INSTRUCTIONS TO FOLLOW
Everything from the first line of the data below through the line that contains "Minimalist Round Wood Metal End Table" should be written out exactly, please, and nothing more; the pictures stay out.

==============================

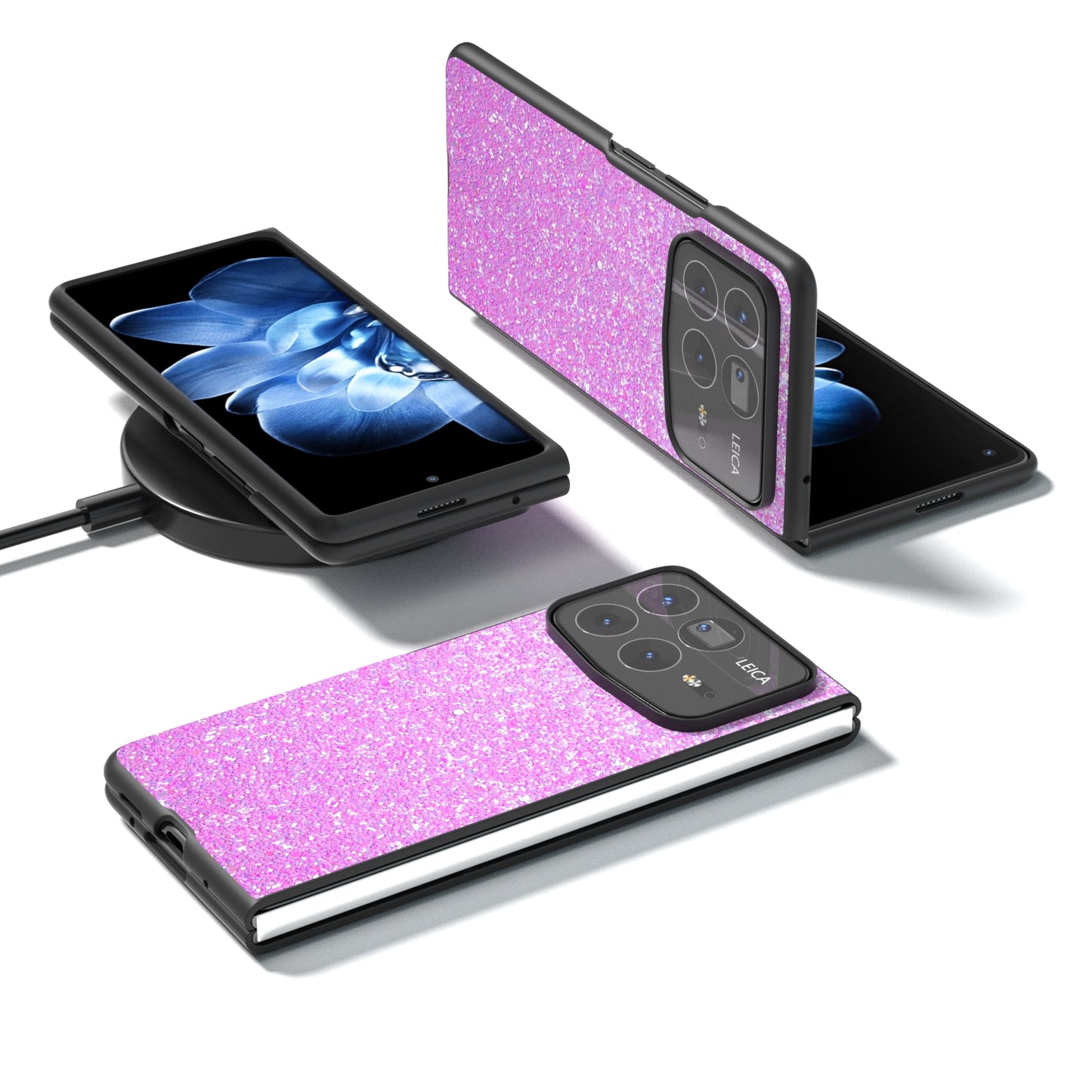 For Xiaomi Mix Fold 4 Black Frame Colorful Glitter Phone Case(Dark Pink)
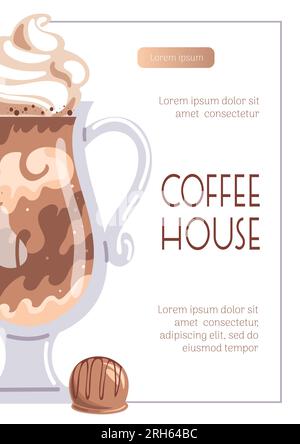 Latte ou chocolat chaud avec de la crème fouettée dans un verre en cristal. Bannière pour café, café-bar, barista. Illustration vectorielle pour affiche, bannière, flyer Illustration de Vecteur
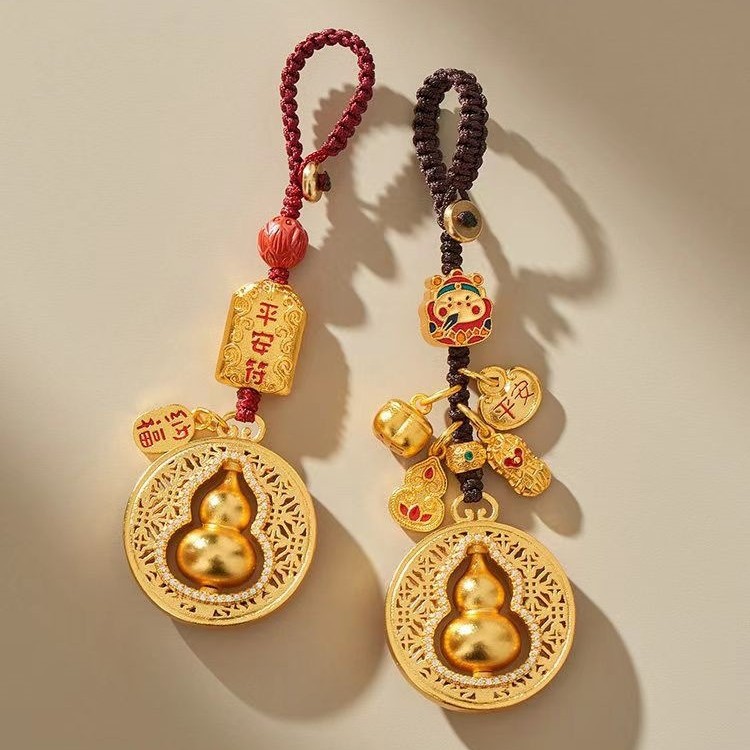 黄铜旋转葫芦钥匙扣钥匙扣挂件汽车钥匙扣挂饰女礼物成神之路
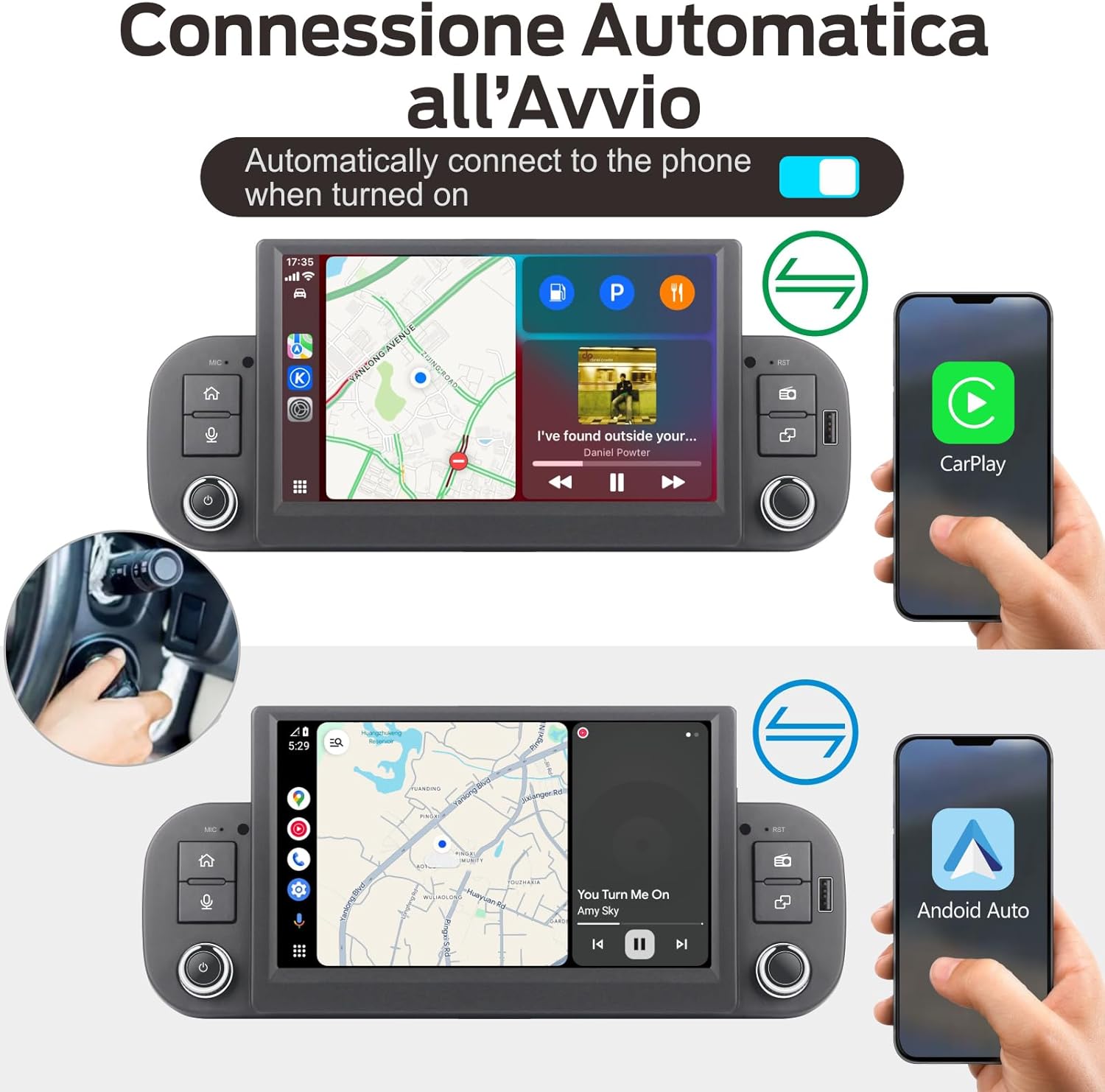 Detalle de MAVYULQEF Linux Autoradio per Fiat Panda (2013-2020) – Plug & Play, CarPlay/Android Auto Wireless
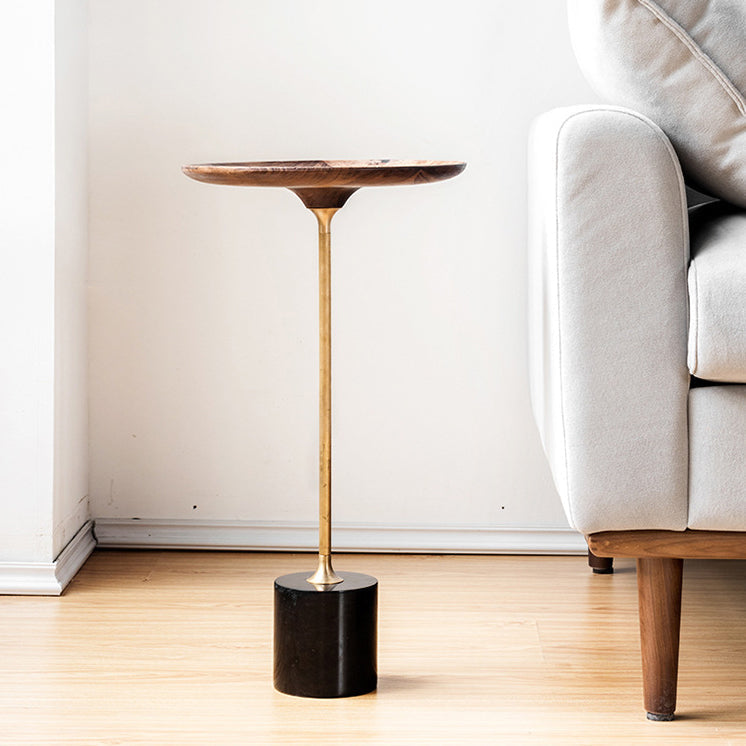 Minimalist Round Wood Metal End Table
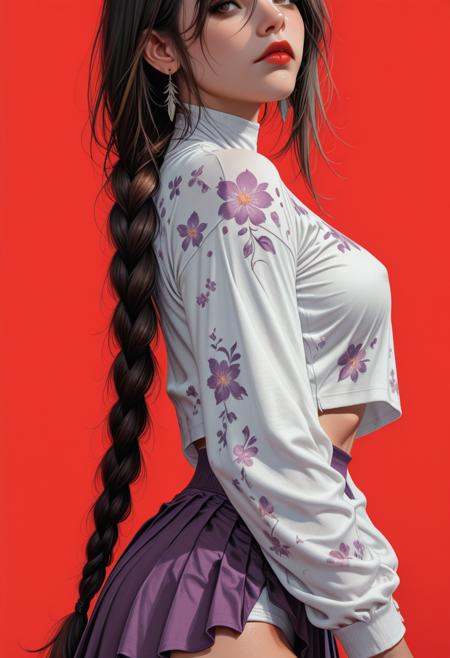 1girl, detailed eyes, (pretty face), (detailed face), (slender, lean, fit, athletic:2), rating_explicit, rating_nsfw, (sexy), defined midriff, skindentations, medium breasts, (perfect body:2), photo-realistic, realistic skin, realistic textures, detailed skin, photorealistic, ultrarealistic, 8k, impossible clothing, hypersexualized, mature themes, inappropriate content, vulgar, obscene, nsfw, explicit, ***** content, erotic, suggestive, intimate, provocative, A digital illustration shoot from a profile camera angle about a  woman with long dark hair styled in a side braid, wearing a light blue cropped shirt and a short purple skirt with floral patterns, standing against a solid red background. on the middle of the image, a 20-year-old woman with light skin appears to be facing the viewer, with her eyes looking directly at the viewer. she has a serious expression and is wearing a pair of earrings. her long, dark brown hair is braided and falls over her shoulder. she is standing with one hand on her hip and the other resting on her thigh. the woman has a slender physique and medium-sized breasts. the image has a soft, painterly style with a focus on the woman's face and upper body. 1girl, solo, long hair, red background, skirt, rating:sensitive, jewelry, earrings, braid, looking at viewer, simple background, long sleeves, breasts, shirt, white shirt, very long hair, hair between eyes, purple skirt, braided ponytail, underwear, lips, crop top, panties, cowboy shot, brown eyes, from side, pleated skirt, single braid, closed mouth, red lips, brown hair, midriff, score_9, score_8_up, score_7_up, <lora:Sinozick_style:0.8> Sinozick_illu,gradient,spot color,  <lora:r-hrtdrp:.5>,  <lora:DetailerILv2:.5>, Jeddtl02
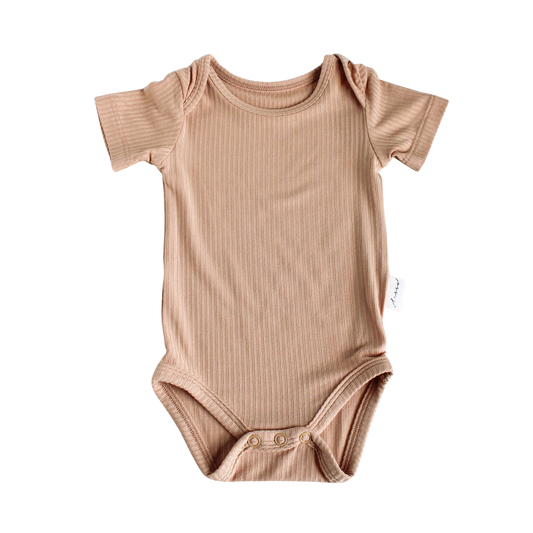 Ribbed Bamboo Onesie, Sand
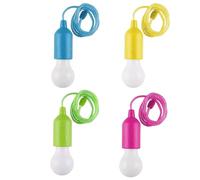 Odoukey LED Pull Cord Light 4PCS Portable Hanging Battery Operated Camping Lamp Bulb for Party Weddings Festivals Decoration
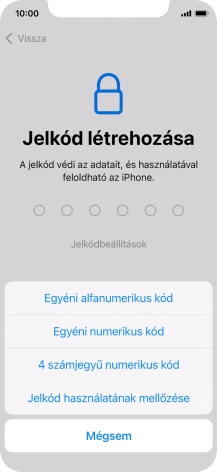 A képernyőzár használatának bekapcsolásához kövesd a képernyőn megjelenő utasításokat, vagy válaszd a Jelkód használatának mellőzése lehetőséget.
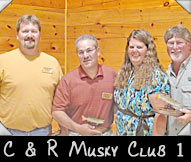 C & R Musky Club - from left Jon Regal, Mark Siegel, Rick Weyenberg, Greeter Lanelle Lone
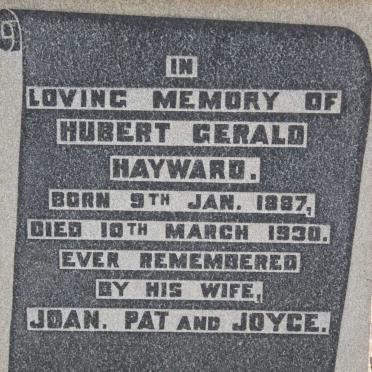 HAYWARD Hubert Gerald 1887-1930
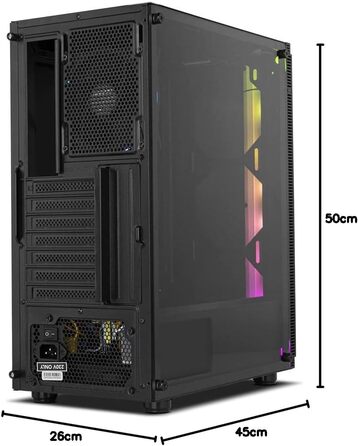 Корпус для ПК INFINITITY GAMMA: ATX, Micro ATX, USB 3.0, металева сітка, підтримка 3 вентиляторів, 4 HDD, відеокарта до 370 мм, чорний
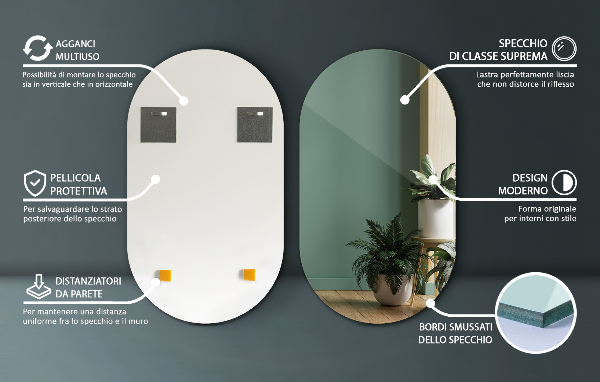 Oválne zrkadlo bez rámu 40x70 cm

==============================

ANSWER TO THE EXERCISE
 For Xiaomi Mix Fold 4 Black Frame Colorful Glitter Phone Case(Dark Pink)
 Latte ou chocolat chaud avec de la crème fouettée dans un verre en cristal. Bannière pour café, café-bar, barista. Illustration vectorielle pour affiche, bannière, flyer Illustration de Vecteur
 黄铜旋转葫芦钥匙扣钥匙扣挂件汽车钥匙扣挂饰女礼物成神之路
 Detalle de MAVYULQEF Linux Autoradio per Fiat Panda (2013-2020) – Plug & Play, CarPlay/Android Auto Wireless
 Minimalist Round Wood Metal End Table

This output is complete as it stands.